I am now in my first year of college. I am in a relationship. I am confident with my independence and myself. I know who I am, and I like who I am. These are sentences I never thought i'd speak. High school is just one hell of a waiting room. When your out life really does begin like they told you. Your a totally different person. Your older, wiser, stronger. You find the happiness you were searching for all throughout your adolescence. You find answers, maybe not to life but within yourself. And once you find yourself that is when you become content with everything and everyone in your environment. Things actually start to make sense. Giving up, quitting. These two things are not worth doing.

Everyone has potential if you apply yourself. I learned that "can't" is a word that will not get you anywhere and it shouldn't have to be a word to define anything. Don't apply that word to yourself because you CAN. If you don't believe how will you succeed?

Have belief in yourself, in your dreams and your goals. Strong belief will become reality. It is all in the mind which YOU control. Never give up, before you do consider all options and ask yourself if you have even tried. Tried everything there possibly is to try. Seek answers, seek advice, seek within yourself. Doing that, and knowing that and having that ability will let and help you know everything there is to know. Lonely, will not be lonely if you know and are comfortable with who you are.

I am sitting alone typing this right now, half an hour till my next class. You know what? I am perfectly content with it. I dont feel hopeless, or empty. And I am certainly not questioning if there is something the matter with me just because I dont have an acquaintance next to me. That will not solve your problems.
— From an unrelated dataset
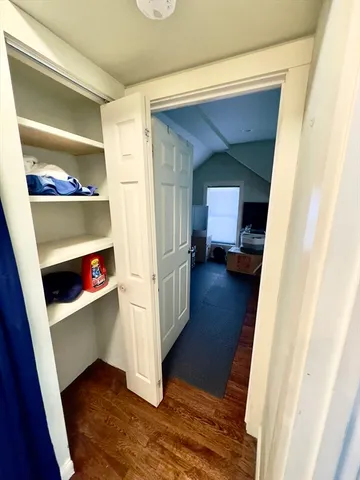 $4,000 | 8 Fox Point Road, Boston, MA 02125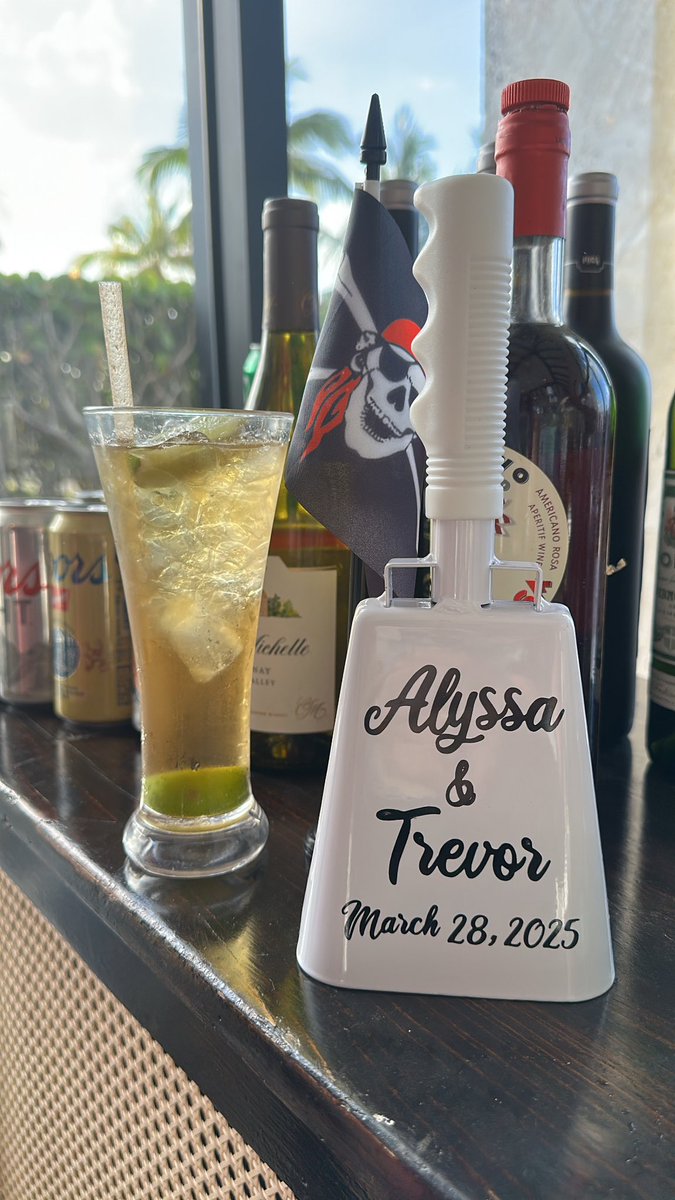 Alyssa Lang tweet media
Learn to love yourself, because if you don't how will another learn to love you?

I do not hold all the answers or secrets to the world, but that is why I want to go out into the world and explore it, travel it, witness all there possibly is to see. Breathe. I want to feel every emotion in every humanly possible way. That is what helps you grow more so. For every time you get lost, you will find yourself, or rather you will find something. I can guarantee that, as long as you are paying attention, and you will start to see and gather and notice the things you have found. The things you have searched for, and the knowledge you have gained.

Be alert, be alive. Most importantly... be happy.

I dont know that there is a reason for everything, but I most definitely try to believe in that.
I try to believe that the sun shines for a reason, the same as why we are here, what we are doing here, what we are for, where will we go?

It's is not a matter of knowing, this life. It is the matter of being here and making the most of every moment and every day. Time is moving, quickly. We are moving quickly. Hold on to the sight of the stars and the wind in the atmosphere. I recognize that something is here. You will start to feel that way too, you can.

I do not believe there is one single word which is to define life or the meaning of it. It is. That is all I can say, it just is, and we just are. Maybe others will understand that, maybe others wont. But that is what I have to say, that is what I feel.

I feel like there is music playing in the background, like there are secrets hiding behind the clouds, between dreams and within sleep.

Never let go of anything you passionately and infinitely believe in, because it is real and it is apart of you. Don't lose yourself.

Some tides may break and others may be swallowed, just know that you are apart of the world, you are existing so let yourself exist, and feel and live.

Your thoughts can whisper danger,
that will follow you everywhere you go.

But remember the world, remember where you are standing.
Hold on to everything that you are.
Every part of you matters, even if it doesn't to somebody else.
It matters to something, to somewhere.
It matters to this place you were brought to,
Long after you are gone
there will be silence of you,
shades of you.

I can hear the music in the background.